Trump becomes a sympathy figure in five lethal seconds
Saturday’s assassination attempt makes its target harder for Biden to beat.

Seconds after surviving an assassination attempt on Saturday evening, a bloodied Donald Trump told the Secret Service agents swarming round him to wait. According to one reporter within earshot he said “wait” four times.

So what? The agents obliged. Trump raised his fist and mouthed the words “fight, fight, fight”. In that moment he created an image that will define his third run for the White House, and could help define Biden’s fifth:

  • Trump has emerged from the shooting at a Pennsylvania rally in a position of maximum strength.
  • Joe Biden is probably now less likely to stand down as the Democratic candidate.
  • That doesn’t change an election narrative that has become, on one level, a simple matter of perception: Trump strong, Biden weak.

Trump cuts a heroic figure, blood streaking his face, but still standing. It is an image of invincibility which, The New Yorker suggests, has echoes of the marines at Iwo Jima and Rocky Balboa dragging himself off the canvas to win the title.

Biden has spent two weeks looking fragile in the face of a growing chorus from his own supporters, convinced he is too old to run again.

Balm. Democrats from Biden to ex-President Obama said there was no place in America for political violence and all should condemn it.

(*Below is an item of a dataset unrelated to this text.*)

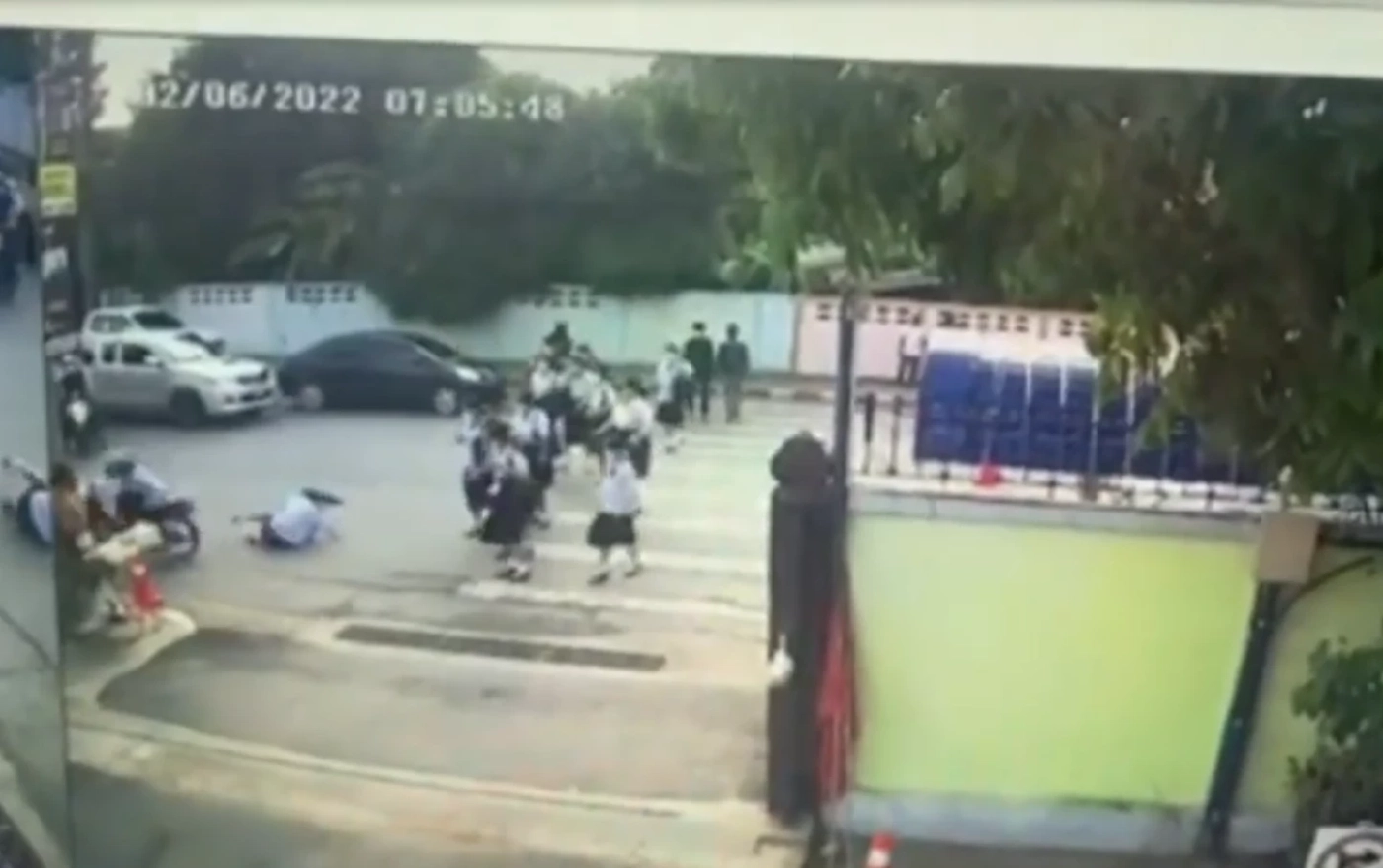 รุมประจาน "นศ.พยาบาล" ซิ่ง จยย.ชน "นักเรียนหญิง" ข้ามทางม้าลายบาดเจ็บ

Blame. Republicans were quick to apportion blame. JD Vance, the author-turned-populist senator who could become Trump’s running mate, said the Biden campaign’s central premise – that Trump was a fascist to be stopped at all costs – “led directly” to the attempted assassination.

Vance is right that Biden’s campaign has pitched the fight against Trump as a battle for the soul of America.

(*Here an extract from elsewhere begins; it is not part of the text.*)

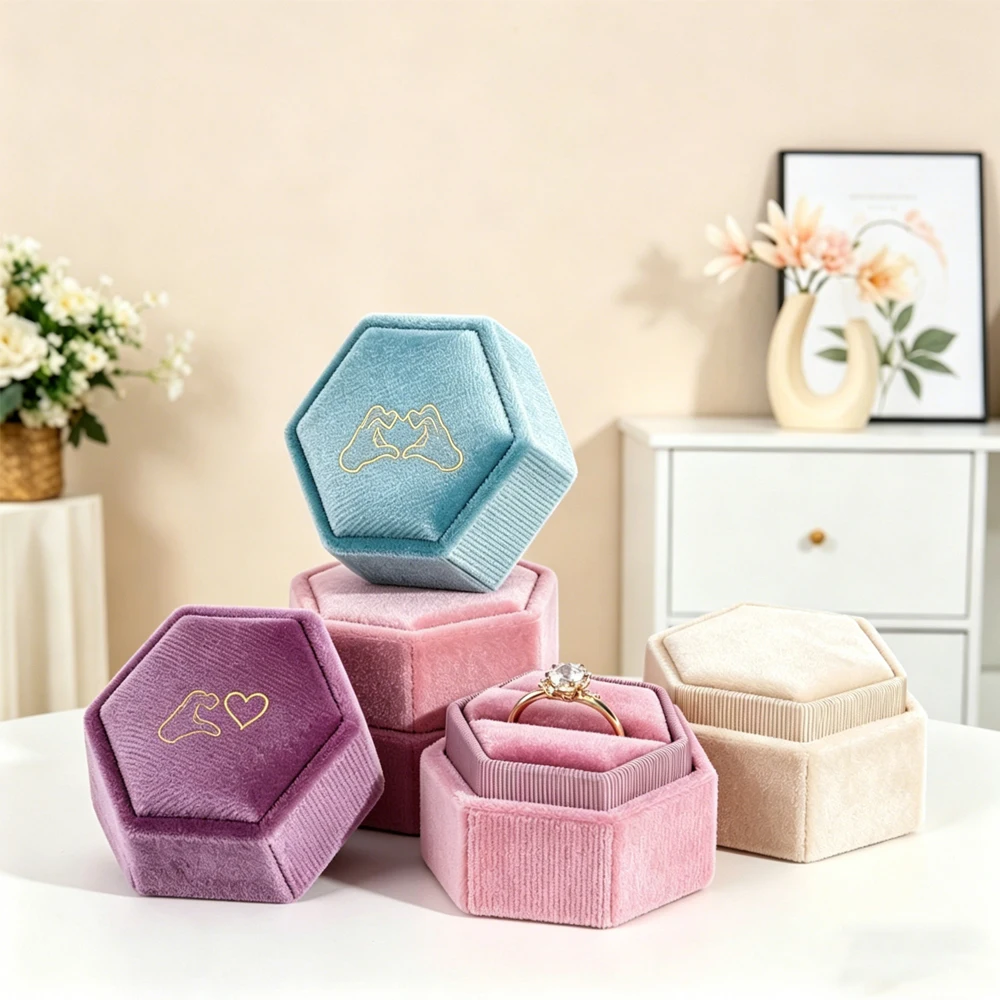 Custom Logo New Design Ring Box Hexagonal Jewelry Packaging Marriage Engagement Gift Boxes Velvet Double Rings Jewelry Case Bulk
Custom Logo New Design Ring Box Hexagonal Jewelry Packaging Marriage Engagement Gift Boxes Velvet Double Rings Jewelry Case Bulk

But it was Trump who took the political fight to the streets with his “Fight like hell” rallying cry to the January 6 insurrectionists after he lost at the ballot box and in the courts.

Next stop, Wisconsin. Trump will be centre stage at the Republican convention in Milwaukee this week. It’s not hard to anticipate his message: they tried to stop me in the courts, they tried to shoot me dead – and I’m still standing.

Pass the torch vs don’t you quit. Biden meanwhile faces calls to step down from 20 Democrats on Capitol Hill, a clutch of donors and celebrity backers including George Clooney. Yet he continues to insist he’s going nowhere, and the signs are that won’t change.

  • The assassination attempt gives him a chance to say he can’t step down when political violence is in the air.
  • Calls to replace him with Kamala Harris were already half-hearted and sound weaker now; it’s almost impossible to argue the Democrats would look stronger rushing forward with an untested candidate.

Fortunes reversed. Expect Trump to claim the moral high ground; a selfless hero putting everything on the line for America. Expect Democrats to be wary of provoking his supporters. They’ve already pulled attack ads and Biden has referred several times to his rival as Donald. It sounded odd, because it is – and it has the effect of humanising Trump. Biden has called him a rapist, a loser, a fraud, a threat to democracy. But Trump is a sympathy figure now.

What’s more… The conservative pollster Frank Luntz says the shooting could boost Republican turnout by a crucial percentage point – or two. He just became much more difficult to beat.